# Do I have anything to gain by upgrading my bottom bracket?



## Rollingeezer (Oct 20, 2012)

I have a Shimano 105 group set on my specialized. would I have anything to gain by upgrading to a SRAM red or similar bottom bracket? Other than a lighter wallet?


----------



## AndrwSwitch (May 28, 2009)

Depends who you ask. 

The friction in a correctly-adjusted, undamaged bearing with steel balls and non-skanky races is already really, really low. They also last a long time. I wouldn't bother to change out a Shimano bottom bracket unless and until there was something wrong with it. I've actually killed a couple on my mountain bike. I replaced the first one, but I held onto it. The second time, I rebuilt the damaged bottom bracket with new bearings, stuck it back in, and that's what I'm riding now. My road bike is old enough to have an internal bottom bracket, and that's been doing fine for over ten years. (And I do check on it from time to time.)

Of course, someone is always happy to sell you stuff.


----------



## Rollingeezer (Oct 20, 2012)

Thanks for the input....kind of reaffirms my suspicion
.


----------



## SteveV0983 (Dec 9, 2008)

I wouldn't change anything until that one gives you a problem.
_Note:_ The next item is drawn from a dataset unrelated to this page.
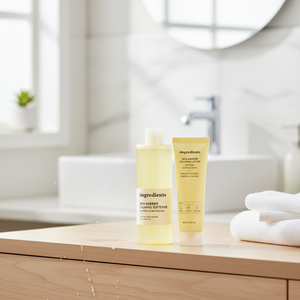 Ensemble 2P de barrière cutanée de haute qualité comprenant 250ml d'adoucissant apaisant et 80ml de lotion Camling - Product Image 3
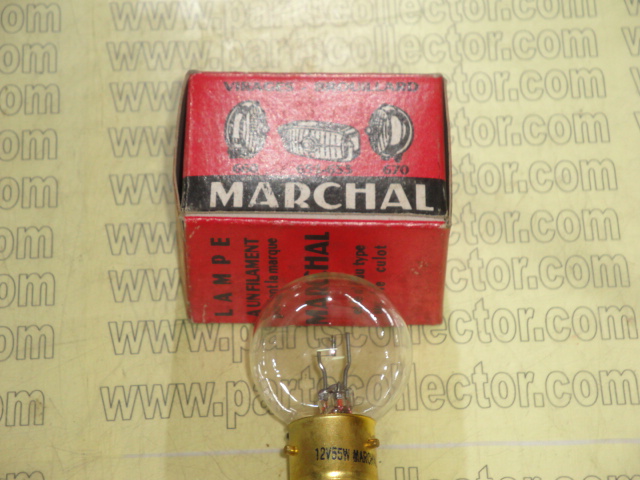 LIGHT BULB 12V55W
I was getting about 4000 miles out of Ultegra BBs and got sick of changing them out. Even though it was probably more effective to keep changing out the $30 Ultegras, I decided to put a King on my new bike and so far I have no regrets at all. I guess I'll see how it lasts, but for the first 1000 miles it has been absolutely flawless, dead quiet, and smooth as butter. To me, so far, it was well worth the extra $$.


----------



## mtnroadie (Jul 6, 2010)

My Dura Ace BB is just as smooth as my 105 BB.
My Record 11 UT BB is smoother than my Athena 11 UT BB.


----------



## tihsepa (Nov 27, 2008)

You cant run a S(h)ram bottom bracket with a Shimano crank. So,no.


----------



## cxwrench (Nov 9, 2004)

i pulled a set of ceramic bb bearings out of a roubaix yesterday. bike is less than a year old, owner doesn't like to ride in the rain. apparently he doesn't like to take care of his bike, either. the drive side bearing felt like it has gravel instead of ceramic balls rolling around between the races. i replaced them w/ $20.00 worth of enduro steel bearings and he was amazed at how smooth if felt. he didn't believe me when i told him they weren't ceramic. he was appalled when he felt his old bearings. 
you could have the bearings replaced in your shimano cups when they get worn, we do that all the time w/ the enduro kit. $20.00 for parts, about the same for labor. it will be very smooth and should last longer than stock bearings. 
or...
you could buy the chris king as mentioned above. it's the bb equivalent of their headsets...it should last longer than any other bb on the planet. easily the best you can buy. i wouldn't waste money on the ceramic upgrade, definitely not worth it.


----------



## kinguin7 (Apr 28, 2011)

Shimano BB cups are identical regardless of which group they come with. And no reason to upgrade except MAYBE longevity, that's money much better put elsewhere if it's burning a whole in your pocket.


----------



## .40AET (Aug 8, 2008)

Wait until they're shot, then put get an Enduro BB or a King. Both are serviceable and will last for years.


----------



## AndrwSwitch (May 28, 2009)

Funny enough, the bottom bracket rebuild I did was with the inexpensive kit from Enduro.


----------



## wabasso (May 18, 2012)

Rollingeezer said:


> I have a Shimano 105 group set on my specialized. would I have anything to gain by upgrading to a SRAM red or similar bottom bracket? Other than a lighter wallet?


No .


----------